A similar fate lay in store for Bi Dao wen (Tio Oen Bik), a Chinese doctor from Java,who was involved with the "Spanish doctors",a group of medical personnel who came from places like Hungary, Germany, Poland and Austria, who, being socialist and often Jewish, couldn't return home after Hitler. . Bi eventually went back to Java where he seems to have been killed in Suharto's massacres of Chinese people in Indonesia.  Read more here on recent research.  There's another study of the Chinese in the International Brigades from 2004 which I haven't read.

Nearly 20 years ago, I found a file in the British military archives about these men and women, who became stateless since they couldn't very well return home after Spain since they were socialists and often Jewish, too.  One of my uncle's friends  (Dr Gerald Abraham) was still around at that time, in his 90's, so I asked him about them.  He knew them personally !  He was the only son of wealthy Jewish family long resident in Hong Kong, but on graduation from HK university, didn't go into practice like the rest of the class.

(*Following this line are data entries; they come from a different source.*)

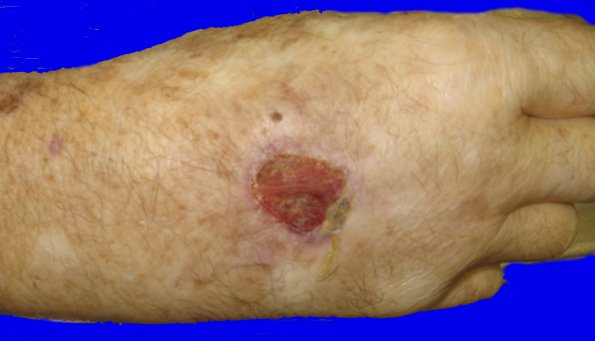 1N1 Lymphomatoid Granulomatosis skin (Case 1) 01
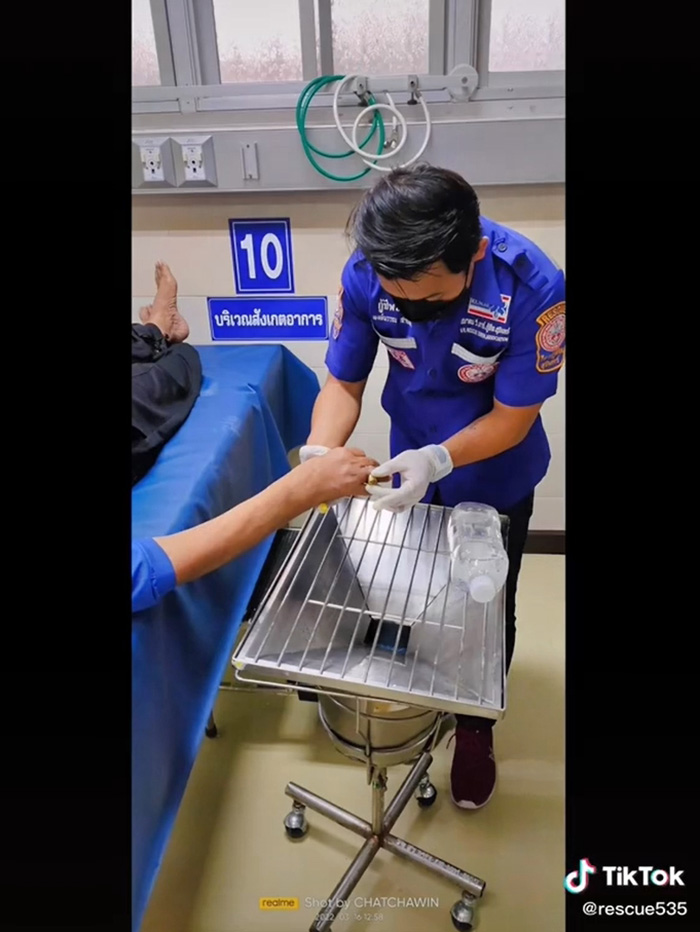 กู้ภัยเผยคลิปนาทีช่วยคนนิ้วกินแหวน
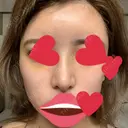 鼻尖形成（切開） / 鼻中隔延長（切開） / バッカルファット除去 / 軟骨移植 / 脂肪注入（額） / 鼻翼基部形成（貴族手術） Zetith Beauty Clinic 銀座院 DAY 7 サムネイル用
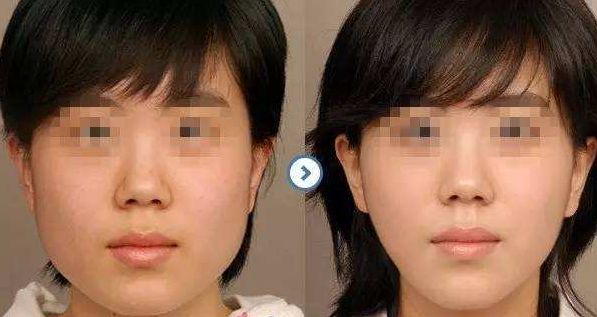 天津河西愛慕芳容醫(yī)學美容門診部：項目介紹及價格一覽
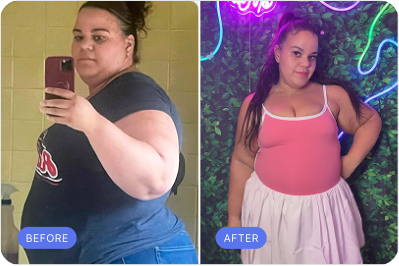 BetterMe Rx patient before and after transformation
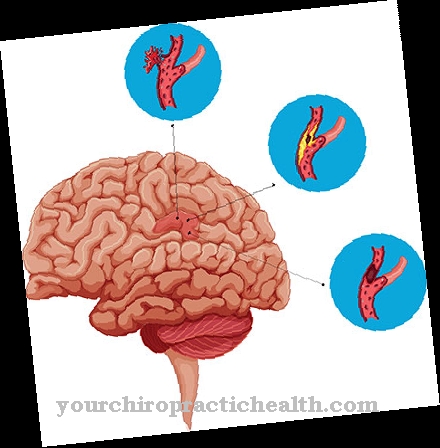 Transient ischemic attack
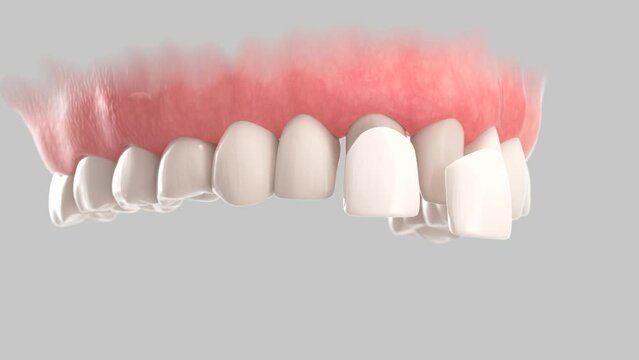 3d animation of placement dental veneers over central incisors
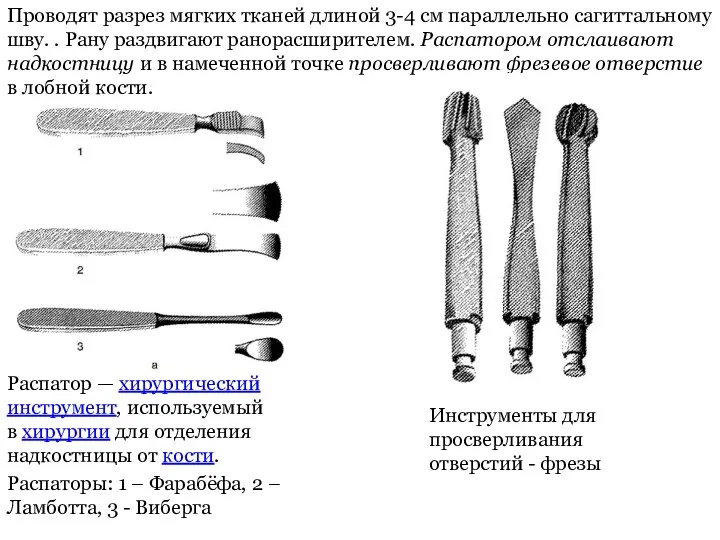 Проводят разрез мягких тканей длиной 3-4 см параллельно сагиттальному шву.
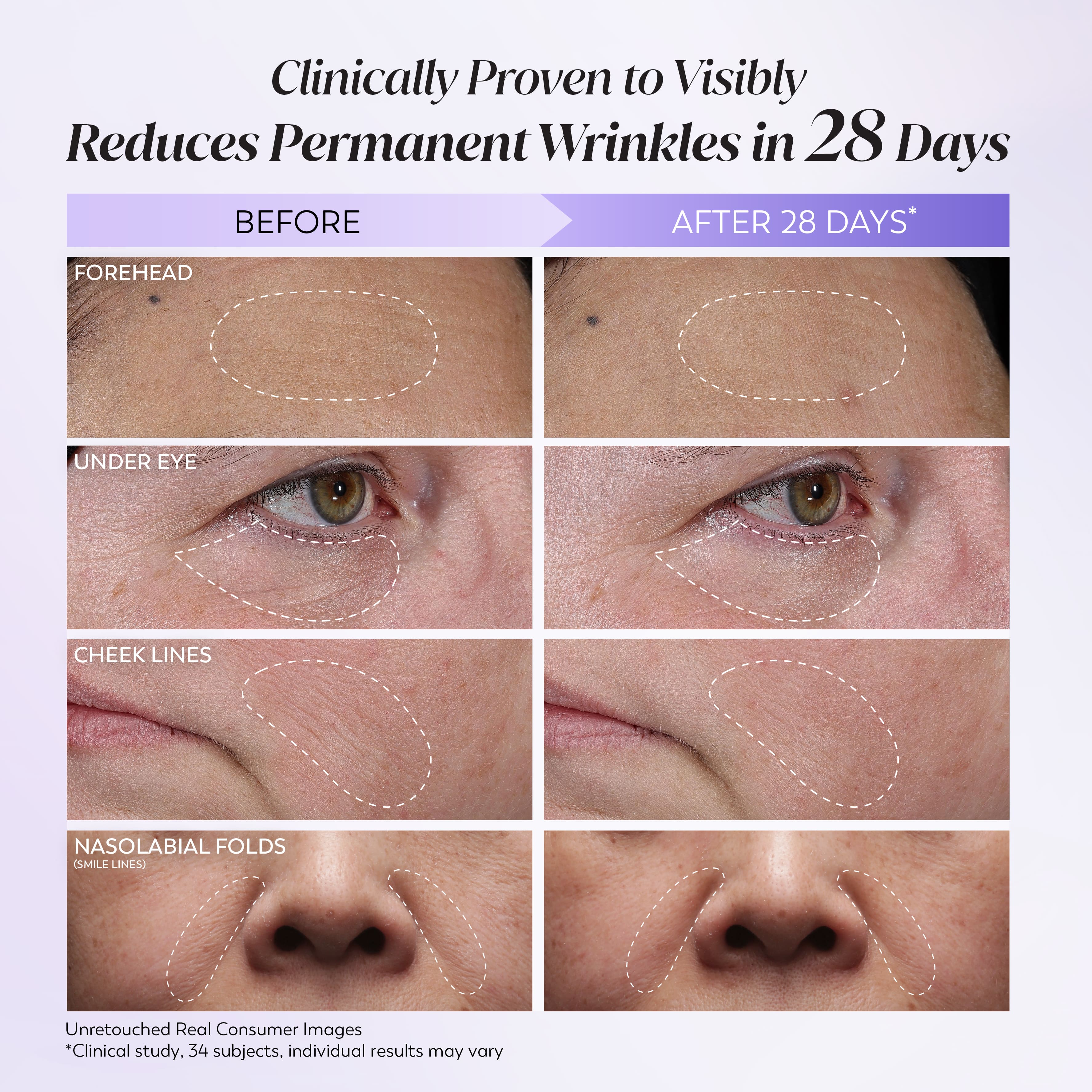 [NEW] Olay Retinol 24 Wrinkle Pen Overnight Wrinkle Concentrate Serum ...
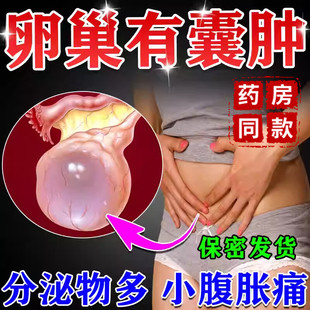 卵巢囊肿调理中药贴宫颈巧克力囊肿穴位贴子宫肌瘤肿块怎么消除ZT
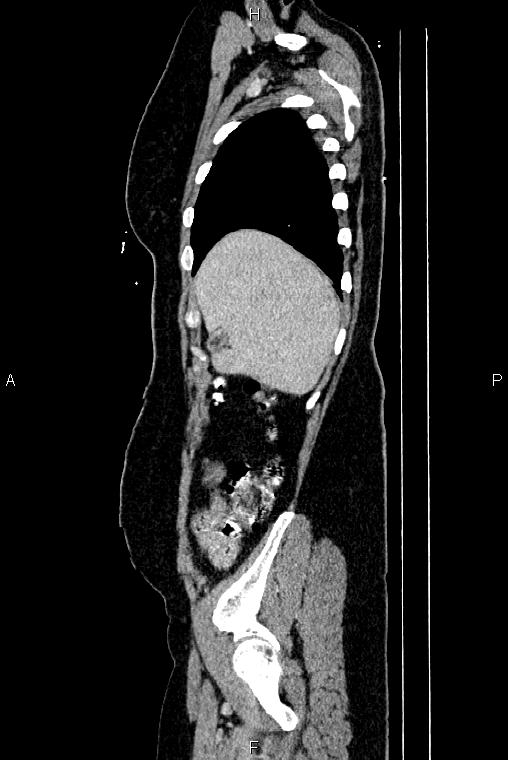 Carcinoma of uterine cervix (Radiopaedia 85861-101700 D 9).jpg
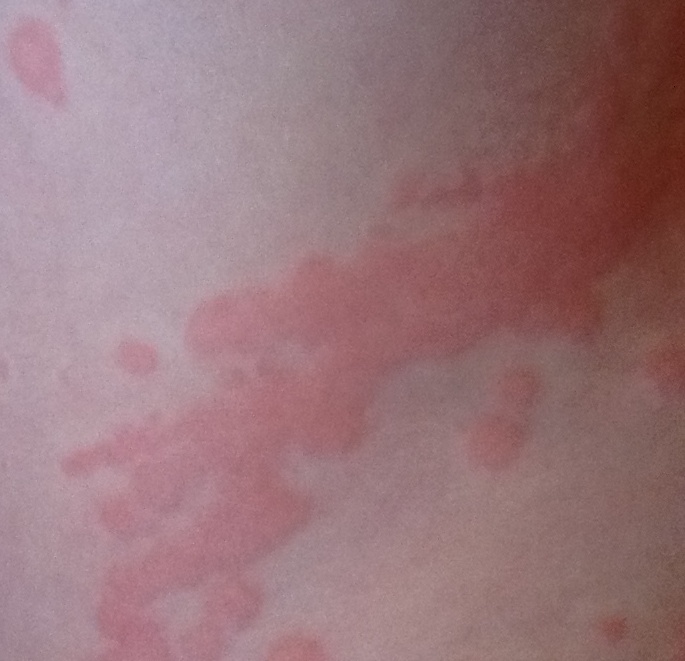 raised rash under armpit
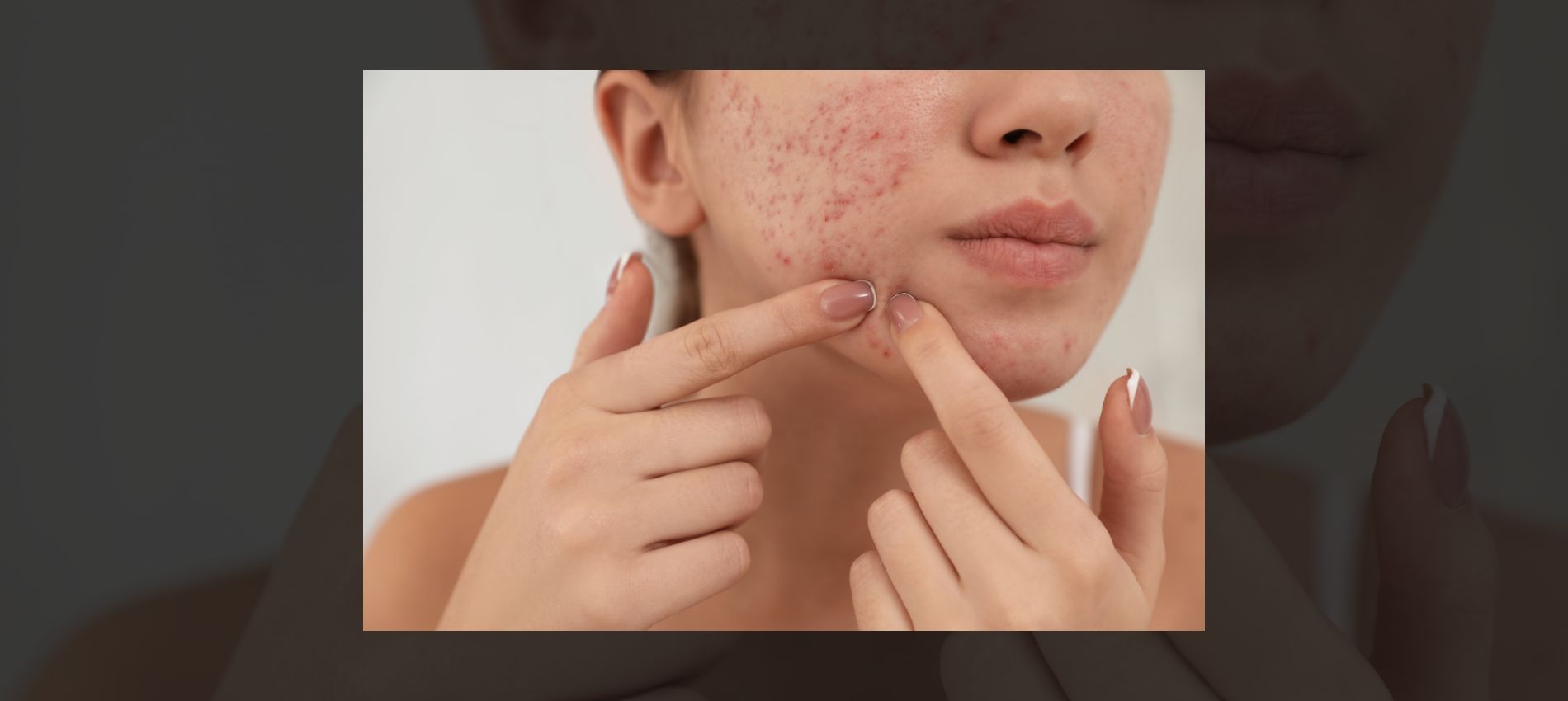 Why Your Skincare Isn’t Working (Yet)—And What You Can Do About It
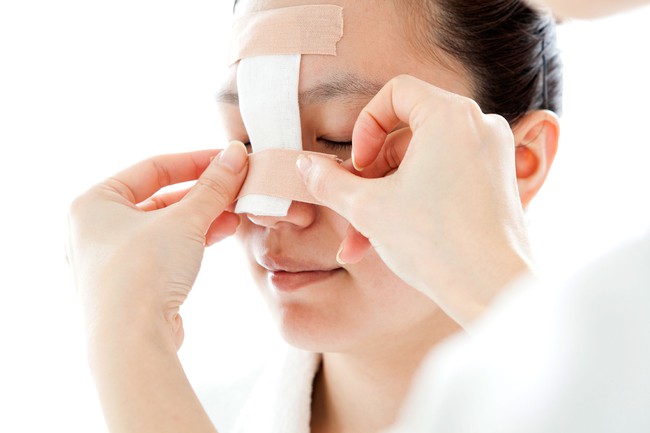 Trước khi quyết định phẫu thuật thẩm mỹ, nhất định phải đọc kỹ những điều n&agrave;y - Ảnh 3.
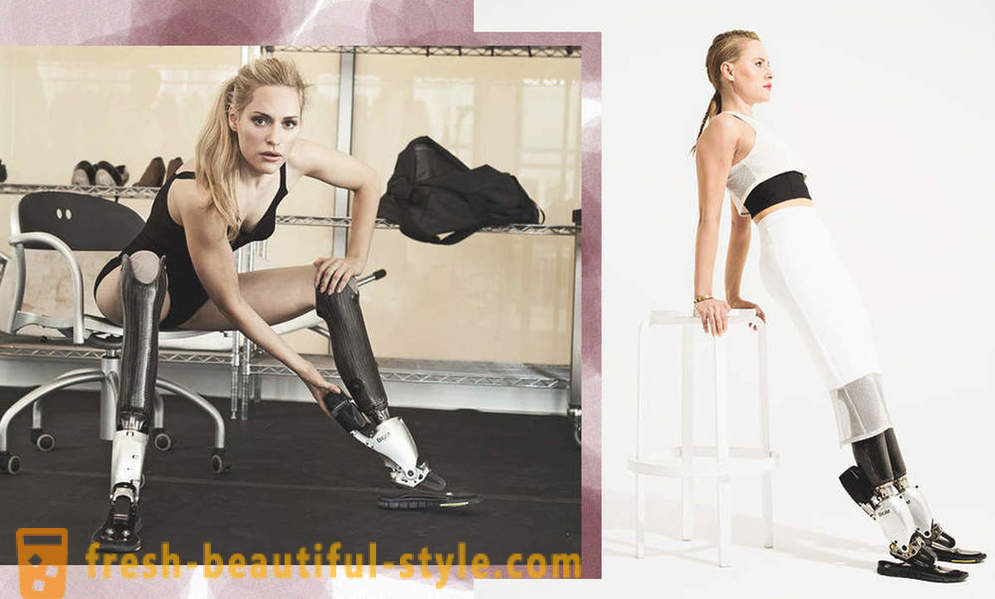 Begalinis grožis: 6 moterys modeliai su protezais
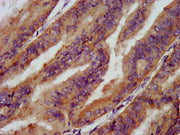 IHC image of CSB-PA021846LA01HU diluted at 1:200 and staining in paraffin-embedded human endometrial cancer performed on a Leica BondTM system. After dewaxing and hydration, antigen retrieval was mediated by high pressure in a citrate buffer (pH 6...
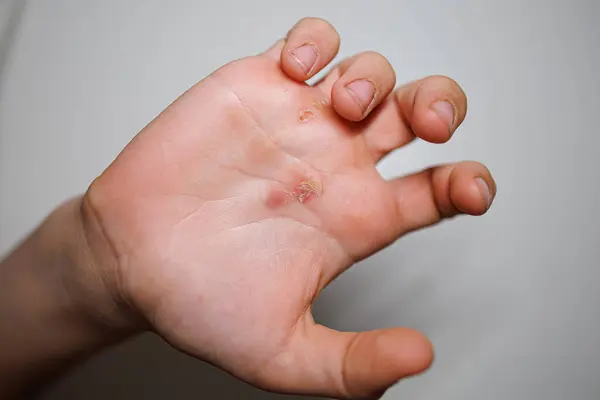 The palm of an athlete\'s hand after training A lacerated callus on the palm of my hand.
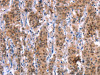 The image on the left is immunohistochemistry of paraffin-embedded Human gastric cancer tissue using CSB-PA584061 (MAPK13 Antibody) at dilution 1/15, on the right is treated with synthetic peptide. (Original magnification: ×200)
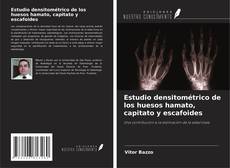 Copertina di Estudio densitométrico de los huesos hamato, capitato y escafoides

Instead, he volunteered to serve in China with the Quaker medical unit.  (Friends Ambulance) Given the difficult conditions at the front in China from 1938, that was a  baptism of fire for a young man who'd only until then known comfort. But all the more honour to him.  Thanks to him I traced the Friends Ambulance Unit in China, who were very unfairly treated and hounded out of China for not being neutral ! But neutrality is the Quaker way, and non violence. In China, the "Spanish" doctors were dispersed, going where needed. Some joined the Communist underground, others the Chinese Nationalist Army, against the Japanese. At least two ended up in Hong Kong after the war. My uncle's friends, doctors who'd started out in Roumania.  Small world.

And, as ever, Ernst Busch tells us like it was. Below, a clip from a live performance when he marks the date "July 1936" and sings Mamita Mia, merging into the anthem Thälmann,Kolonne, aka Spaniens Himmel, (composer Paul Dessau) with its refrain

Die Heimat ist weit, doch wir sind bereit.
Wir kämpfen und siegen für dich: Freiheit! 
(Our homeland is far away, but we are ready to serve :  we fight and will win for you, Freedom !)


1 comment:

David said...

All this is new to me! We hear a lot of the European side, but Chinese communist? One thinks of Barber's song The Compass and the Map. This is all food for thought and a spur to finding out more. Thank you so much for this information!